◆ Required action ◆
Copy out exactly the stretch below, from the line with "VENEPORTE Izplūdes gāzu" through the line with "Black high-waisted straight-leg", both included; the pictures stay out.

◆ Data section ◆
----------------------------------------

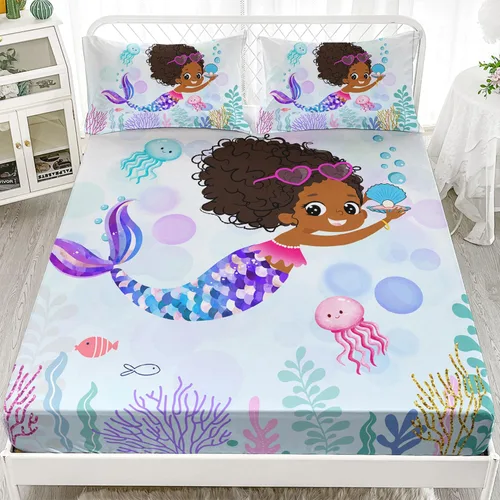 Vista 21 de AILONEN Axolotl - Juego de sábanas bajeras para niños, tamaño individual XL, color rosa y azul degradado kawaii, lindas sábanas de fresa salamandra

----------------------------------------

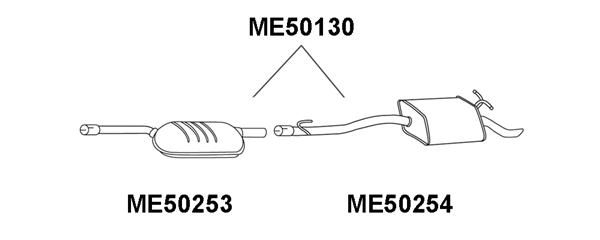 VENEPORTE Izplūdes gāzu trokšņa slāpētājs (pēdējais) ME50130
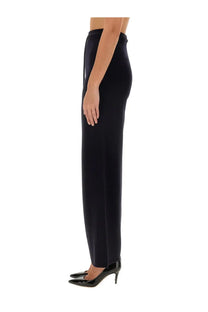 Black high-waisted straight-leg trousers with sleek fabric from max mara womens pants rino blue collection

----------------------------------------

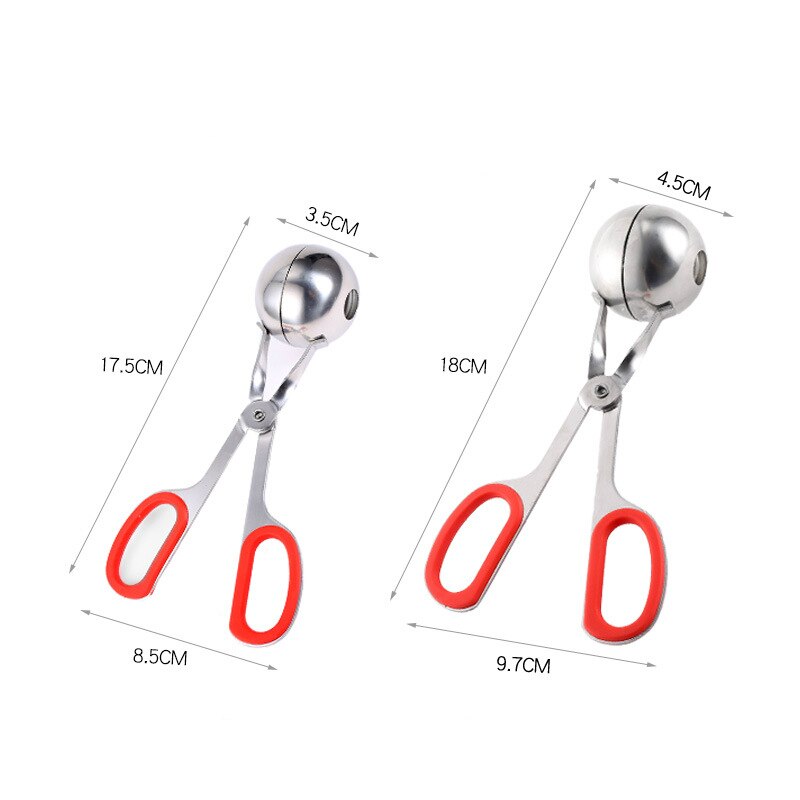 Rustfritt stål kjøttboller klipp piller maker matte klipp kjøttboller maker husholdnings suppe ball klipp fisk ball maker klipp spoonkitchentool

----------------------------------------

◆ Output of the task ◆
 VENEPORTE Izplūdes gāzu trokšņa slāpētājs (pēdējais) ME50130
 Black high-waisted straight-leg trousers with sleek fabric from max mara womens pants rino blue collection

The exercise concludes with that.